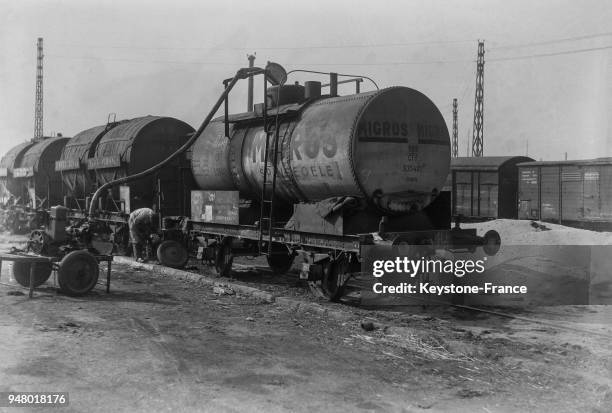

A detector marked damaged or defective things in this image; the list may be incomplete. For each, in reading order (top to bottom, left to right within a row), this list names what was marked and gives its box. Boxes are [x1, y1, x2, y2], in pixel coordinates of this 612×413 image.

rusty metal surface [192, 85, 454, 211]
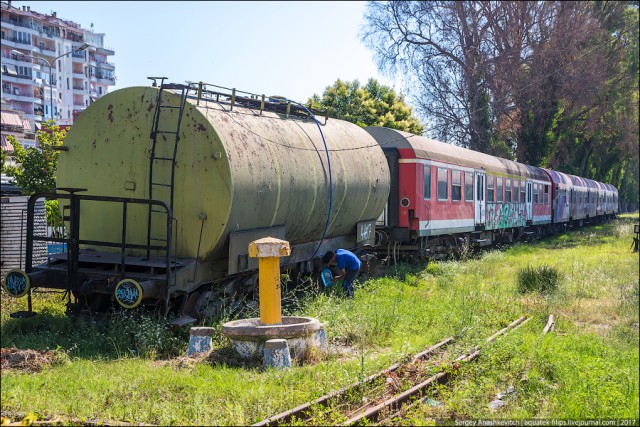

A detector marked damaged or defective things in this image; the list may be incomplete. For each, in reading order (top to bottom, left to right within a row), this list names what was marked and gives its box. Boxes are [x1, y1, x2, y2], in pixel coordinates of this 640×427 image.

rusty tank car [6, 79, 390, 320]
rusty metal surface [60, 87, 390, 264]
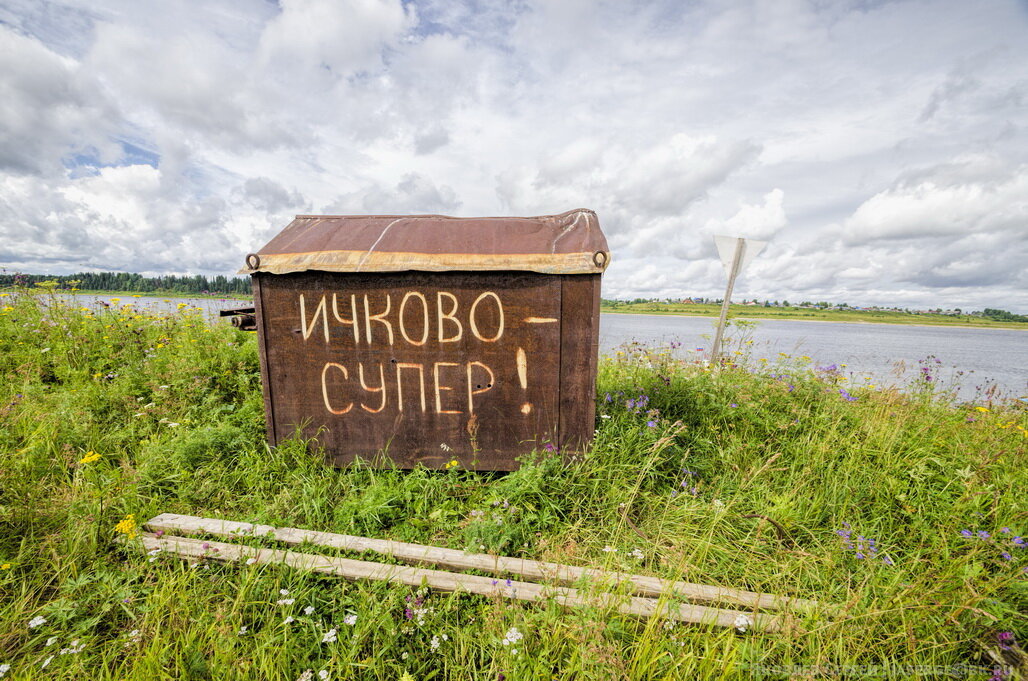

□ □ □ □

WORK TASK
Reproduce the material word for word. Skip every picture it holds.

RESULT FOR THIS EXERCISE
A detector marked damaged or defective things in this image; the list may be incomplete. For each, in reading order (top to bottom, left to right within a row), this list names what was marked and gives its box. Boxes are [x1, y1, x2, y2], in pixel coordinates of this 612×413 image.

rusty metal surface [192, 85, 454, 211]

A detector marked damaged or defective things in this image; the list may be incomplete. For each, in reading order (top to bottom, left to right within a row), this list names what was marked and gives its box. Boxes are [x1, y1, x2, y2], in pixel coordinates of this 640×427 image.

rusty tank car [6, 79, 390, 320]
rusty metal surface [60, 87, 390, 264]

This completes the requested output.